The estimated GPs were highly reproducible for the major high-copy LTR-RTs, although we observed relatively high CV values (25–65%) for GP estimation of tandem repeats using different genome coverage and different WGS libraries (Table 1 and Supplementary Table S4). The number of tandem repeat reads might be uneven because of biased fragmentation during WGS library construction (Table 1 and Supplementary Table S4). Overall, though, the coefficients of variation (CVs) of the high copy PgDel1 and the low copy PgOryco were 3.23% and 13.53%, respectively, when we estimated GP using various levels of genome coverage in the data sets, i.e., 0.0001−10x genome coverage for WGS reads of P. ginseng (Table 1). We observed slightly increased variation when we reduced the genome coverage below 0.0001x, but all the data showed similarly low CVs when we utilized over 0.0001x coverage WGS reads. As WGS data can be produced at low cost by high-throughput NGS processes and over 1 Mbp of WGS reads produced reproducible GP estimation, we conclude that genome coverage in WGS data is not a critical constraint limiting the application of this approach for analysis.

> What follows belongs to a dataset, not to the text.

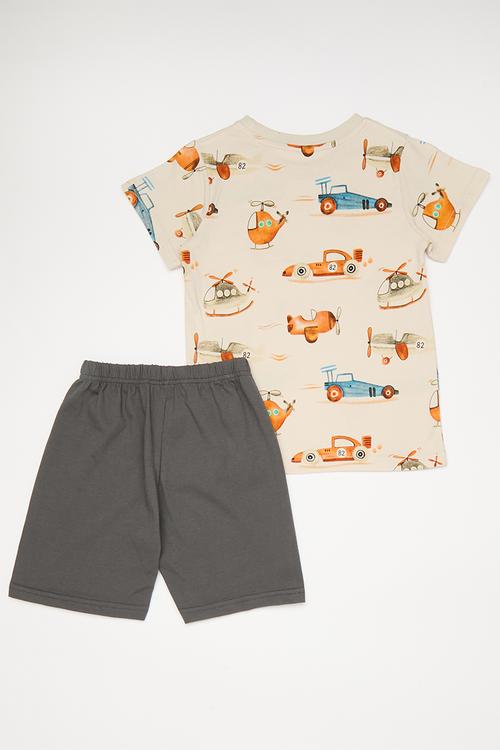 Tee & shorts set - cream/grey/multi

Although there is some variation, the GPs calculated here for the major repeats were reproducible and are thus representative of the abundance of each repeat in the genomes of the different species. However, it is possible that the true GP for each major repeat is higher than the GP estimate presented here because, in our analysis, only a single representative structure was used for each repeat and other structural variations were not considered31. For example, five PgDel1 elements displayed large structural variation in the LTR region and a large bias in WGS read mapping for the representative PgDel1 family member in the P. ginseng genome (Fig. 2).

Our results point to tetraploidization and four LTR-RTs as the primary reasons for genome size variation in the genus Panax. Divergence of a common ancestor into the genera Panax and Aralia is predicted to have occurred approximately eight MYA25. A. elata was estimated to have an approximate haploid genome equivalent size of 0.8 Gb on 12 chromosome pairs (Supplementary Fig. S2). However, the genome sizes of Panax species (2.0–4.9 Gb) are much larger than that of A. elata. We propose that the multiplication of some major repeats influenced the genome size in the Panax lineage. In particular, a large proportion of the increased genome size can be explained by multiplication of the four LTR-RTs investigated here, which occupied 0.9–2.6 Gb in the Panax lineage (Fig. 4). The GP of the four LTR-RTs was 39% (1.4 Gb) and 52% (2.6 Gb) in two tetraploids, P. ginseng and P. quinquefolius, respectively, and 44–49% (0.9–1.2 Gb) in the three diploid Panax species. Among them, PgDel was the predominant repeat with a GP of 30–41%, which corresponds to 0.7–2.0 Gb in the five Panax species.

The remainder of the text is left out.